Golf’s majors deliver. Again.
The fallout:
Augusta National: The streak of brilliant drama/lunacy in one major after another has to end sometime. Could be at the U.S. Open in June. The venue, Olympic, in San Francisco, is as I remember almost claustrophobically penal, and thus unlikely to yield swashbuckling golf.
That isn’t a problem at ‘ol Augusta. The players seem to have caught up to the extreme lengthening that look place a few years back, and the rough last week was a complete non-factor. It’s still not as dangerous a course as it once was, but look at the numbers: 29 eagles, a double-eagle, and 155 double-bogeys or worse. That’s what I’m talking about.
Bubba: It’s about time the ability to hook and slice wedges on demand gets rewarded. This guy might be more unorthodox than John Daly, but he plays golf, as opposed to playing golf swing, like, um, some people we could name. Much has been made of the fact that he’s never taken a lesson. That is amazing, but more amazing to me is that he’s never sought treatment for what is evidently world-class ADD, for fear of what a doctor, poking around inside that head, might find.
Don’t see him winning a bunch of majors. He’s already 33. But he could do plenty more good things in the game. Get used to him in the Ryder and President’s Cups. He’s a freakish talent, and the game is better for having him around it.
My favorite moment of his post-round press conference was when he referred to the fans as “patrons,” in the pompous manner the Lords of Augusta insist on, and then admitted, “First time I ever said that word.”
Louis Oosthuizen: This dude can really, really play golf. The swing is gorgeous, powerful, and technically immaculate. Seems to have all the shots, and is almost spookily comfortable, poised and self-possessed under the gun. Also: He looks like Shrek (also spookily comfortable, poised and self-possessed under the gun), so he’s got that going for him, which is nice. The question now becomes why on Earth doesn’t he win more? Louis, not Shrek.

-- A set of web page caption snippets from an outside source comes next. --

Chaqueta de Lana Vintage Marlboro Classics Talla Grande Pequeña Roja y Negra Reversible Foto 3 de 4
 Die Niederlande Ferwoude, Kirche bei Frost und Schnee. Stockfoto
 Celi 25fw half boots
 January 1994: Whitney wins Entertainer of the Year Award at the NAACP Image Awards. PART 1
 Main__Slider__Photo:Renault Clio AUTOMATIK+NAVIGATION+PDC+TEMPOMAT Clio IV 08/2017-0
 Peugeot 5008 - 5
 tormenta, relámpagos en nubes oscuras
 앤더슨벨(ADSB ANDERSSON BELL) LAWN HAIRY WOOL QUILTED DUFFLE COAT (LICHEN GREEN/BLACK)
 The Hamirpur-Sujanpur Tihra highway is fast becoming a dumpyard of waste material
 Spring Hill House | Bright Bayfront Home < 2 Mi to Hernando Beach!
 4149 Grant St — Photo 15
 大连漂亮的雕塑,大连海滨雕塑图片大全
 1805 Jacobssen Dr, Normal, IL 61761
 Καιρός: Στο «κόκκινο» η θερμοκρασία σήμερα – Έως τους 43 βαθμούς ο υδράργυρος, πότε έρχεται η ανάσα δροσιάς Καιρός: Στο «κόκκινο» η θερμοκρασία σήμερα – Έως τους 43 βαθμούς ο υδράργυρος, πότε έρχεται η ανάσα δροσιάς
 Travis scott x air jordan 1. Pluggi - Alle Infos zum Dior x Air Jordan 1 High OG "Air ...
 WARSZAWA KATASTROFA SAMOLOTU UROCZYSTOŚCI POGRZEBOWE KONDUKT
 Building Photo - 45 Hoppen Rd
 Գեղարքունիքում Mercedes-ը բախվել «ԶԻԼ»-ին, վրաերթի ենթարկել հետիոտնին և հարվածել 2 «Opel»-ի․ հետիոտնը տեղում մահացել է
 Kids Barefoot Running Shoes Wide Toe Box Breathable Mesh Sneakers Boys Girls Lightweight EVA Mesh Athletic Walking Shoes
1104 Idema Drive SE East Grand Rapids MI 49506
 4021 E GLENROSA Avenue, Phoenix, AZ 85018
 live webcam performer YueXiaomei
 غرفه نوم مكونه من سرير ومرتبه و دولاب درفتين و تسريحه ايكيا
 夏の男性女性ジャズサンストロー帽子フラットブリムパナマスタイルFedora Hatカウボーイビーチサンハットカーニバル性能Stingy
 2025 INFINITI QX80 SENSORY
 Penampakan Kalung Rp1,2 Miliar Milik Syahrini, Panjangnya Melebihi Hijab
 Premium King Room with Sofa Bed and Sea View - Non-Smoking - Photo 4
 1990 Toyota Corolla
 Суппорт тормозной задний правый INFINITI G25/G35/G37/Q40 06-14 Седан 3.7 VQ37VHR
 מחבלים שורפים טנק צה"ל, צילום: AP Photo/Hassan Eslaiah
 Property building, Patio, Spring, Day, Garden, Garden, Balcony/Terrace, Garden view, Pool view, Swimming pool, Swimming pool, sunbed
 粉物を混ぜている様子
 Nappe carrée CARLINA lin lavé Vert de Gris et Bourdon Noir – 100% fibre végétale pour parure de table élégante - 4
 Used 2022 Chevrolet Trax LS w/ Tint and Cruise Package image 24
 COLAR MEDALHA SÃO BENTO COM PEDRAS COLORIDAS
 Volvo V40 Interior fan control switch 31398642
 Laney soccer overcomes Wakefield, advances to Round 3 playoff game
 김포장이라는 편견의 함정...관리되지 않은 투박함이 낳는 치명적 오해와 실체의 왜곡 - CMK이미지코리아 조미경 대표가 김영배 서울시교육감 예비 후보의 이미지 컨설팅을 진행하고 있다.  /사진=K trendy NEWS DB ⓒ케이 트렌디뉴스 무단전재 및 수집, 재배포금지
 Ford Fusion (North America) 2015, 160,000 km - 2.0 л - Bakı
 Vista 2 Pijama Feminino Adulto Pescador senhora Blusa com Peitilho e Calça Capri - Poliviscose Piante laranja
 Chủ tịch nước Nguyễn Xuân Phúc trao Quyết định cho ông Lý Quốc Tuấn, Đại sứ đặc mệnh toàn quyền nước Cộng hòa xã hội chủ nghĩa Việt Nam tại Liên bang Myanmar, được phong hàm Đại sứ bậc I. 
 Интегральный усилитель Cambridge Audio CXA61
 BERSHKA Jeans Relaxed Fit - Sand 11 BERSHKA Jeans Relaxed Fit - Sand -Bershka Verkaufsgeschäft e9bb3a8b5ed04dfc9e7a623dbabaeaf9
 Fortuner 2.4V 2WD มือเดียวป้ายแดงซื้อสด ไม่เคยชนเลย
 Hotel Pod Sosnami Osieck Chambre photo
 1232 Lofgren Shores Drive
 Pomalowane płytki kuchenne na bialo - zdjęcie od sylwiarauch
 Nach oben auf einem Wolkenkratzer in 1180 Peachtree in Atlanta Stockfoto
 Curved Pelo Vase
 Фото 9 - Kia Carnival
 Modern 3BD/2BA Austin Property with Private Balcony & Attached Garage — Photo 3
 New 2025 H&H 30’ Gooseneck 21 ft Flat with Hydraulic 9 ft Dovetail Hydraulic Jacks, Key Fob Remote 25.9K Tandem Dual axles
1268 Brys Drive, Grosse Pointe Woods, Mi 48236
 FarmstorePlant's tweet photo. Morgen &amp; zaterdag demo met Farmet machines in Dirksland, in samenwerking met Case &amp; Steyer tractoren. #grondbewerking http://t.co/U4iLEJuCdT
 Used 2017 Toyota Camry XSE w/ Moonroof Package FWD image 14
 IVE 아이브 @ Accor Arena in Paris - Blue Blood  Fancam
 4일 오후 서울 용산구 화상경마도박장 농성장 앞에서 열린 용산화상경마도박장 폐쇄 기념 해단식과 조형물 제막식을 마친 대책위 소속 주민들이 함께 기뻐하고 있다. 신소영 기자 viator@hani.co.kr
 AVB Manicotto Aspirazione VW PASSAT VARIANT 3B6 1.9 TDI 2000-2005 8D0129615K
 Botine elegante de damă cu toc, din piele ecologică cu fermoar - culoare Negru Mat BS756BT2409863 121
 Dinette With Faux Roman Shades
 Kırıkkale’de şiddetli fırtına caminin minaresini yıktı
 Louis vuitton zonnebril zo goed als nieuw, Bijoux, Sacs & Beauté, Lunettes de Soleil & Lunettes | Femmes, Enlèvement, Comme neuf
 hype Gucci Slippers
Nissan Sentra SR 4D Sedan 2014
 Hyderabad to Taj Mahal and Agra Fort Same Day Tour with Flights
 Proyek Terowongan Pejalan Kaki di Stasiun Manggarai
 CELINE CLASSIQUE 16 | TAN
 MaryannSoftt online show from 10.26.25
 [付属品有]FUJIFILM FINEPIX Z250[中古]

Phil: The last couple years he sort of willed himself into the hunt in majors, but really didn’t play much good golf in 2010-11. He seems back, I suspect at least partly because the health issues, his own and his wife’s, have eased. The triple-bogey Sunday came at the par-3 fourth, which is one of the few holes at Augusta where lefties might be at a disadvantage.
He did get a bad break there. With a neutral kick he probably makes four, or no worse than five. Still, I thought he portrayed it, in post-round interviews, as a better, or less bad, tee shot than it actually was. He flew it into the bleachers to the right of the green on a par-three, for God’s sake.
Still love his attitude and fight. Can’t think of a worse course for him (or Bubba, come to think of it) than Olympic, but I give him a shot at the British and PGA.
Rory: Still think we’re jumping the gun just a little on annointing him the next big thing. Hard to defend 77-76 over the weekend. Hasn’t won, at least in America, coming from behind, or even in a tight duel with one or several players. Everybody said Sergio was a great pairing for him Saturday, but watching them yuk it up while playing themselves out it looked to me like an impressionable adolescent spending time with a bad influence. Rory’s starting to seem a little too comfortable in his own skin. On the other hand…
Eldrick “Tiger” Woods: First of all, I don’t give a damn that he tossed and then kicked his club. It was five seconds of acting out in five hours of utter frustration. The kind of thing people act offended by because they think they’re supposed to.
Didn’t think he’d win. Never dreamed that he wouldn’t contend. Recall that he finished fourth here the last two years when he had nothing, and was tied for the lead on 12 tee Sunday a year ago.
I continue to be astounded, beyond fascinated, by his career as it plays out. He once caused me to actually lose respect/love for golf because if anyone could be as good at it as he was, it couldn’t be as hard as I used to think it was. But he let golf up off the canvas, and the old bastard is getting his revenge now, isn’t he?
Who’d want to be Tiger Woods right now? What were the odds, say 10 years ago, that that question would ever be seriously asked?